A left inverse to $f$ is a function $g:Y\to X$ such that $g\circ f={\mathrm{id}}_{X}$.
A right inverse to $f$ is a function $h:Y\to X$ such that $f\circ h={\mathrm{id}}_{Y}$.
An inverse (or a two sided inverse) to $f$ is a function $k:Y\to X$ which is a left and a right inverse to $f$.
We say $f$ is invertible if it has a two sided inverse.
Notice that if $g$ is left inverse to $f$ then $f$ is right inverse to $g$. A function can have more than one left inverse, or more than one right inverse: you will investigate this further in the problem sets.
The idea is that a left inverse “undoes” its right inverse, in the sense that if you have a function $f$ with a left inverse $g$, and you start with $x\in X$ and apply $f$ to get to $f(x)\in Y$, then doing $g$ gets you back to where you started because $g(f(x))=x$.
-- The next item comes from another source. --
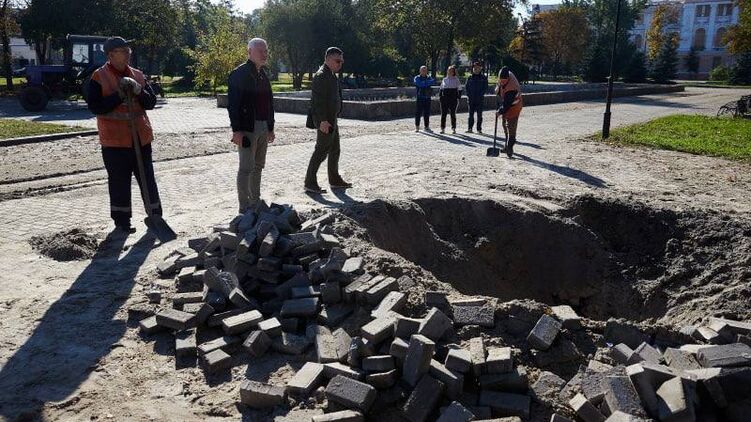 В результате ночного обстрела Харькова разрушено медучреждение, есть пострадавший. Фото: Из открытых источников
$f:\mathbb{R}\to [0,\mathrm{\infty}),f(x)={x}^{2}$ has a right inverse $g:[0,\mathrm{\infty})\to \mathbb{R},g(x)=\sqrt{x}$. $f(g(x))=x$ for all $x\in [0,\mathrm{\infty})$. It is not the case that $g$ is a left inverse to $f$ because $g(f(-1))\ne -1$.
This function $f$ does not have a left inverse. Suppose $h$ is left inverse to $f$, so that $hf=i{d}_{\mathbb{R}}$. Then $h(f(-1))=-1$, so $h(1)=-1$. Similarly $h(f(1))=1$, so $h(1)=1$. Impossible! (The problem, as we will see in the next section, is that $f$ isn’t one-to-one.)
The function $g$ has a left inverse, $f$. But it does not have a right inverse. If $g\circ h=i{d}_{\mathbb{R}}$ then $g(h(-1))=-1$ so $g(h(-1))=-1$. But there’s no element of $[0,\mathrm{\infty})$ that $g$ takes to $-1$. (This time the problem is that $g$ isn’t onto.)